The ipsec.conf file specifies rules and definitions for IPsec, which provides security services for IP datagrams. IPsec itself is a pair of protocols: Encapsulating Security Payload (ESP), which provides integrity and confidentiality; and Authentication Header (AH), which provides integrity. The IPsec protocol itself is described in ipsec(4).

In its most basic form, a flow is established between hosts and/or networks, and then Security Associations (SAs) are established, which detail how the desired protection will be achieved. IPsec uses flows to determine whether to apply security services to an IP packet or not.

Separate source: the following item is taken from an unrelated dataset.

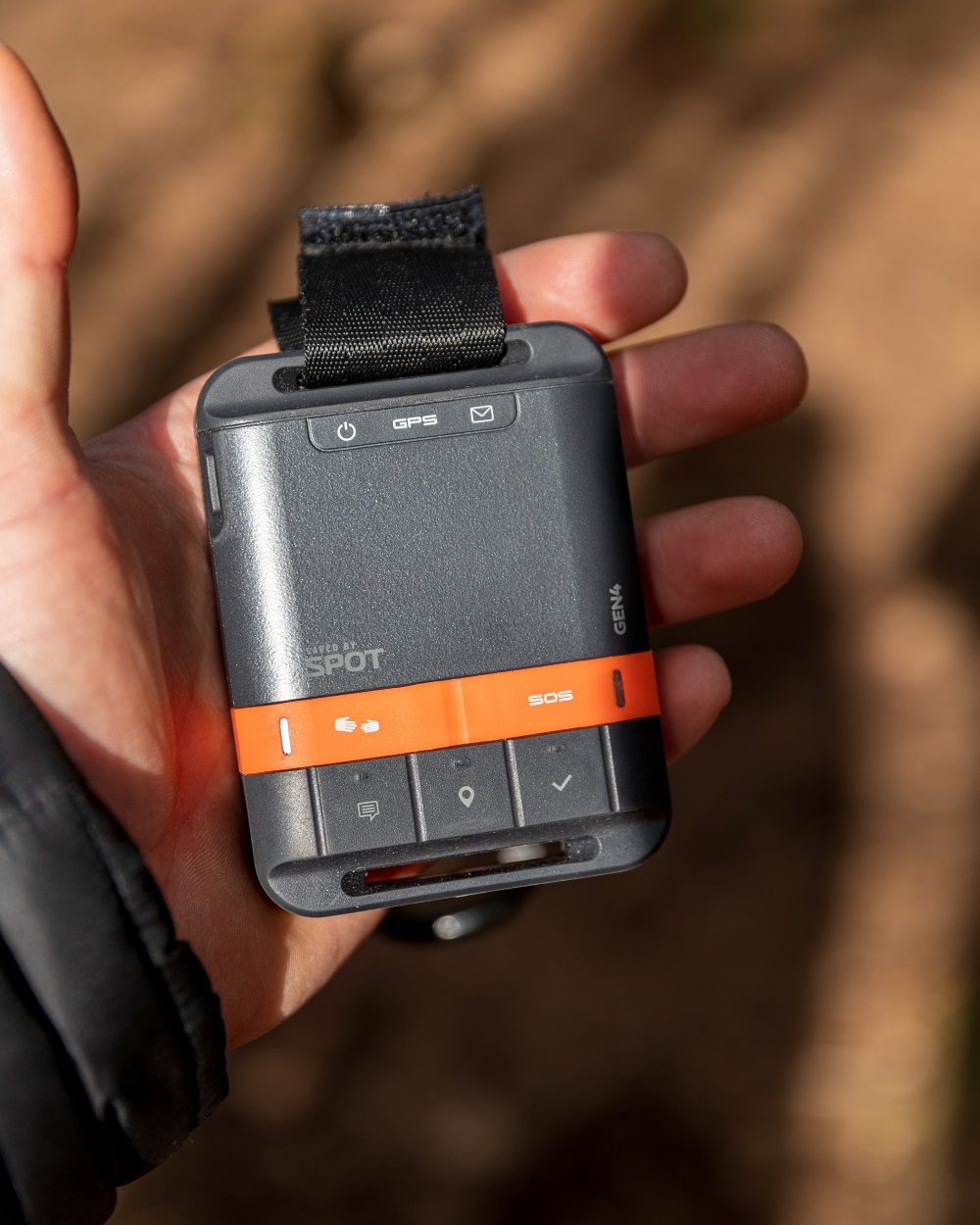 SPOT Gen4 Satellite GPS Messenger Review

Generally speaking an automated keying daemon, such as isakmpd(8), is used to set up flows and establish SAs, by specifying an ‘ike’ line in ipsec.conf (see AUTOMATIC KEYING, below). An authentication method, such as public key authentication, will also have to be set up: see the PKI section of isakmpd(8) for information on the types of authentication available, and the procedures for setting them up.

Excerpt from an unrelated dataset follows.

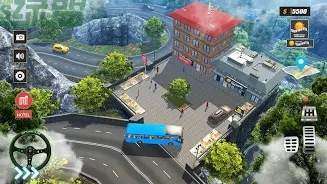 旅游巴士公路驾驶图1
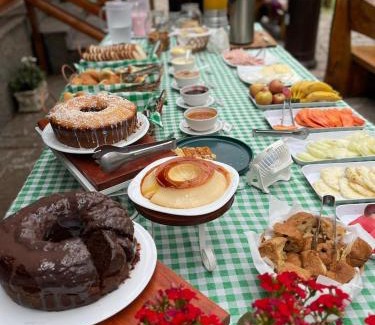 Jardim do Embaixador Hotel | Villa Vintage Campos - Piscina e opções de suites com hidromassagem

The keying daemon, isakmpd(8), can be enabled to run at boot time via the isakmpd_flags variable in rc.conf.local(8). Note that it will probably need to be run with at least the -K option, to avoid keynote(4) policy checking. The ipsec.conf configuration itself is loaded at boot time if the variable ipsec is set to YES in rc.conf.local(8). A utility called ipsecctl(8) is also available to load ipsec.conf configurations, and can additionally be used to view and modify IPsec flows.

An alternative method of setting up SAs is also possible using manual keying. Manual keying is not recommended, but can be convenient for quick setups and testing. Those procedures are documented within this page.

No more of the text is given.